--- Activity ---
Pictures in the listing below are skipped, while the lines from the "Jadeite Jade, Yellow Gold Pendant Necklace: Jadeite" line through the "SKY BLUE ALLOVER" line are returned word for word.
━━━━━ Listed records
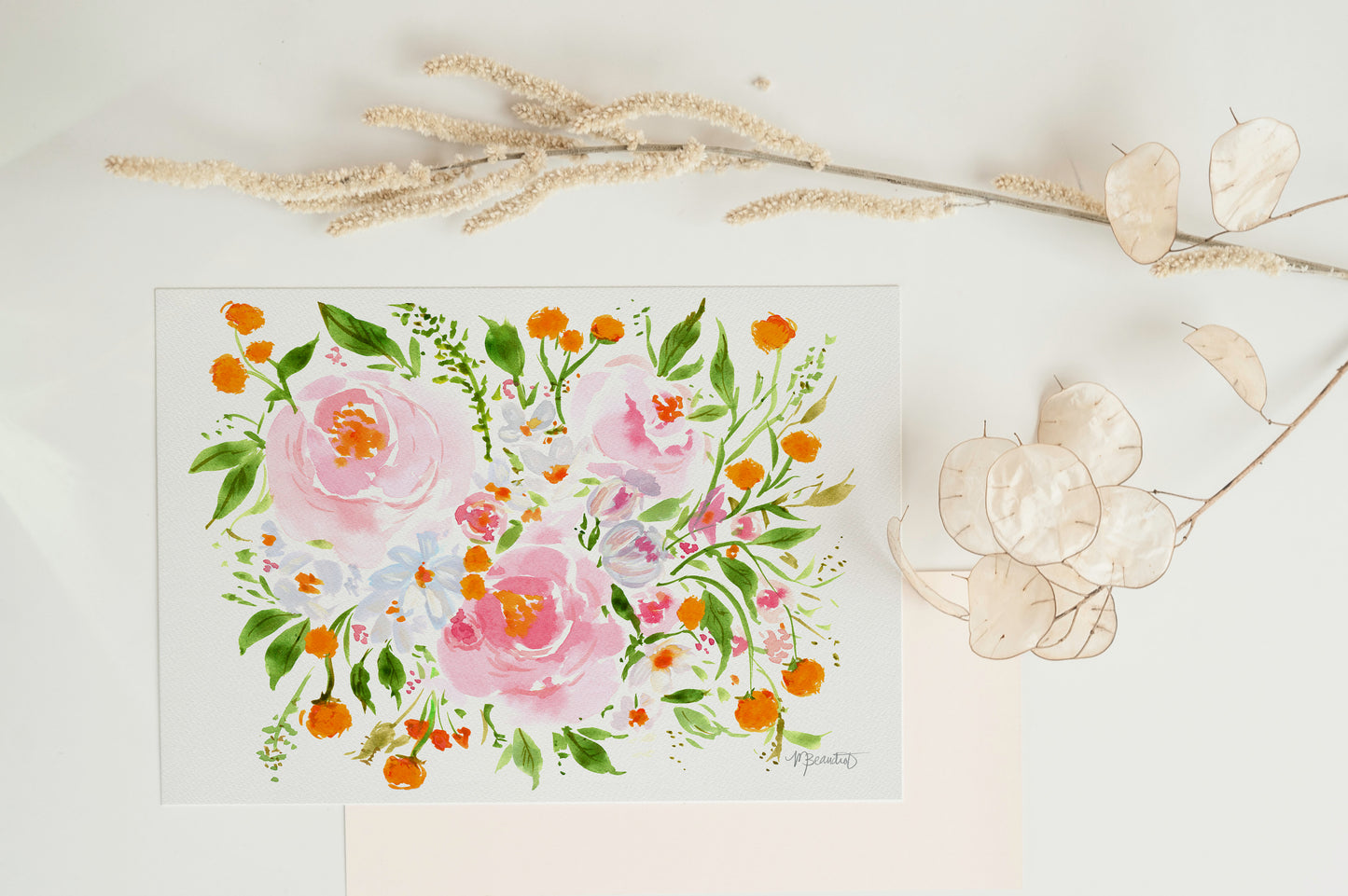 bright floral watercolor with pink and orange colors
━━━━━━━━━━
━━━━━ Listed records
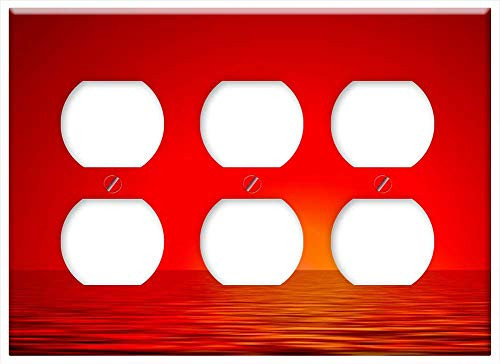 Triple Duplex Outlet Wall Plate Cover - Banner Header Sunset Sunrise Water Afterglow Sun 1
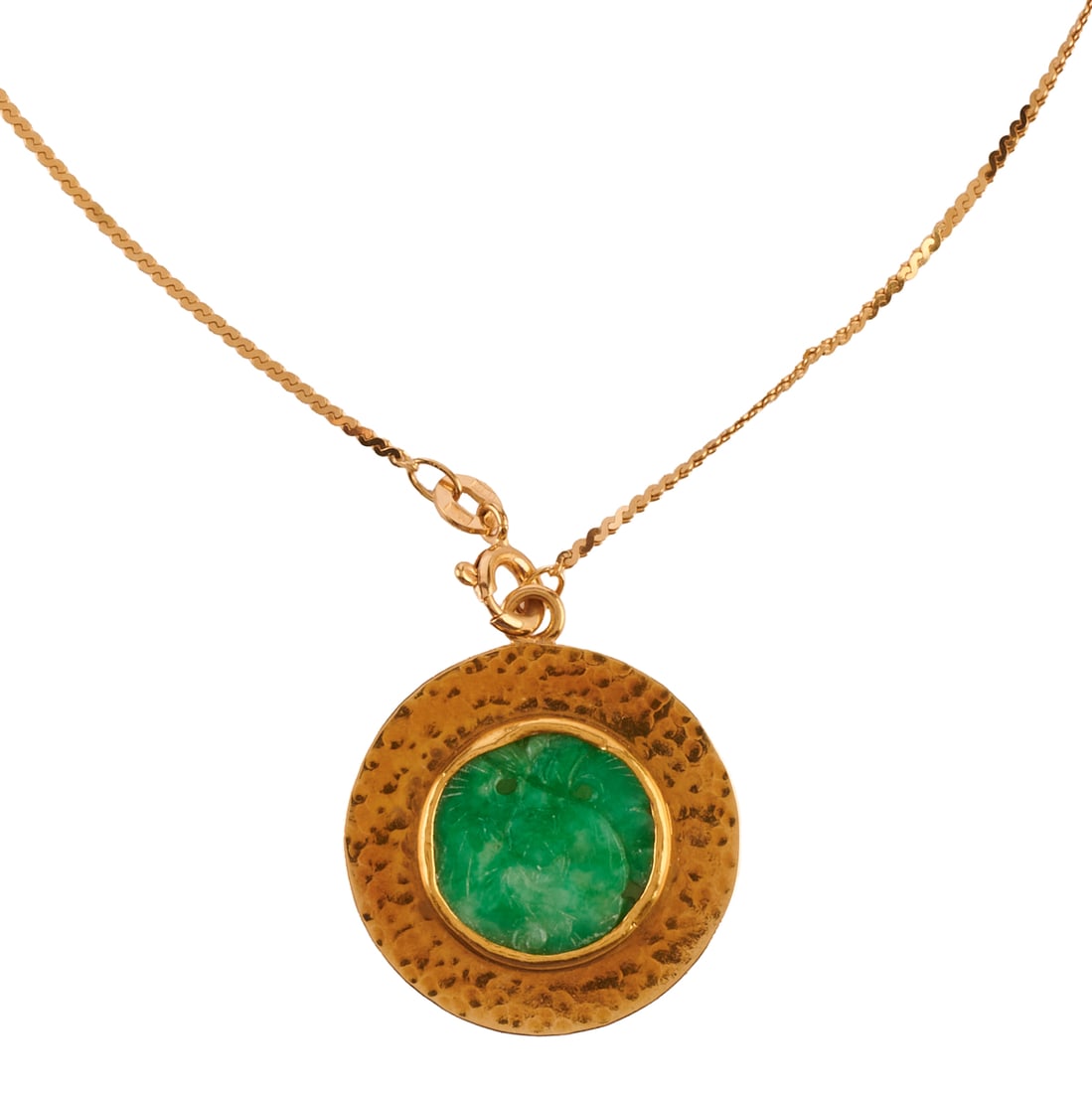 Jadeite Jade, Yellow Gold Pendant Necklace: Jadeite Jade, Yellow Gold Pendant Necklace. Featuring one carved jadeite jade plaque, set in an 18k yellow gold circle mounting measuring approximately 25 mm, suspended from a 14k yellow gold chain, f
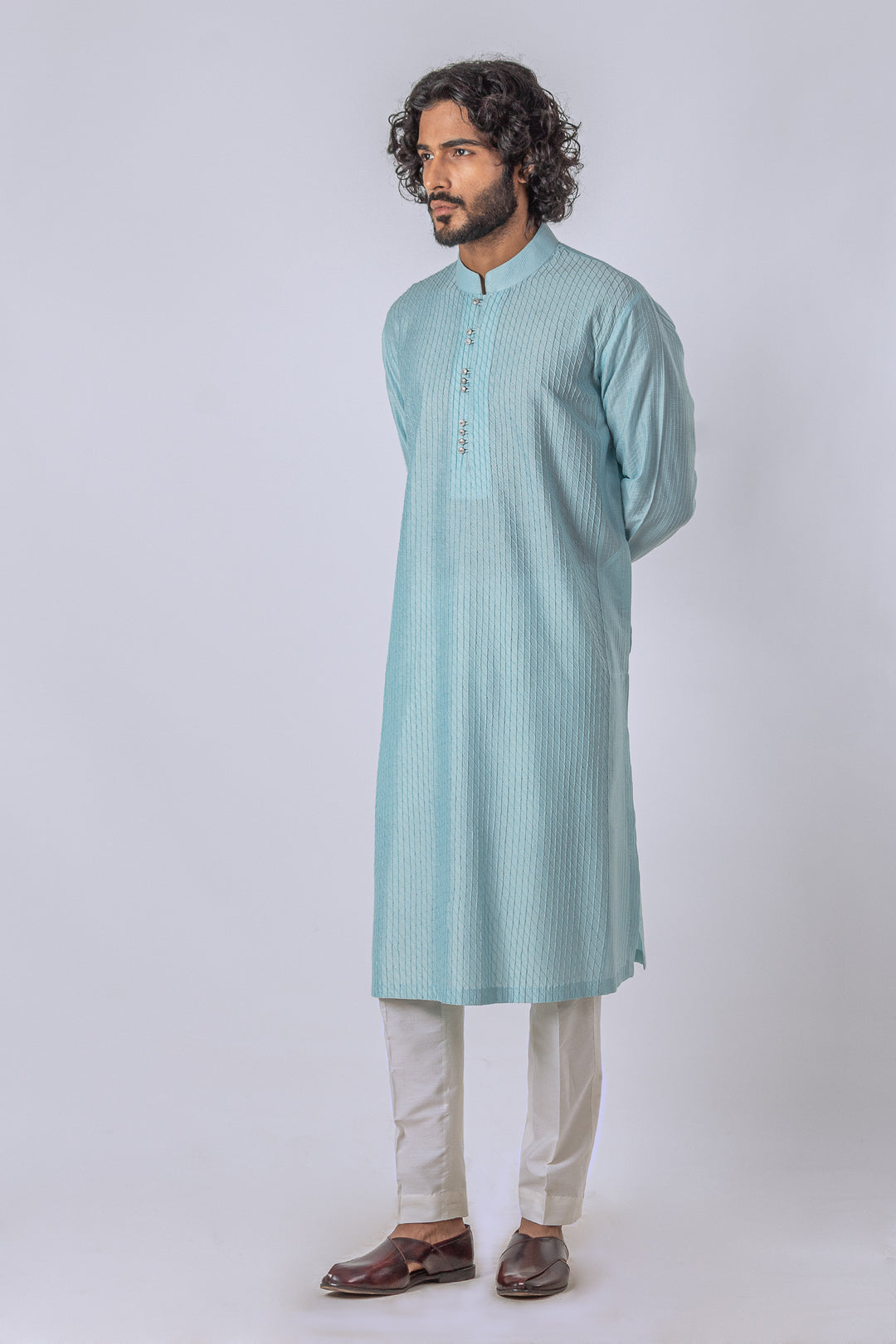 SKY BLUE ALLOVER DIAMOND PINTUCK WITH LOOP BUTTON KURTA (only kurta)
━━━━━━━━━━
--- Written response ---
 Jadeite Jade, Yellow Gold Pendant Necklace: Jadeite Jade, Yellow Gold Pendant Necklace. Featuring one carved jadeite jade plaque, set in an 18k yellow gold circle mounting measuring approximately 25 mm, suspended from a 14k yellow gold chain, f
 SKY BLUE ALLOVER DIAMOND PINTUCK WITH LOOP BUTTON KURTA (only kurta)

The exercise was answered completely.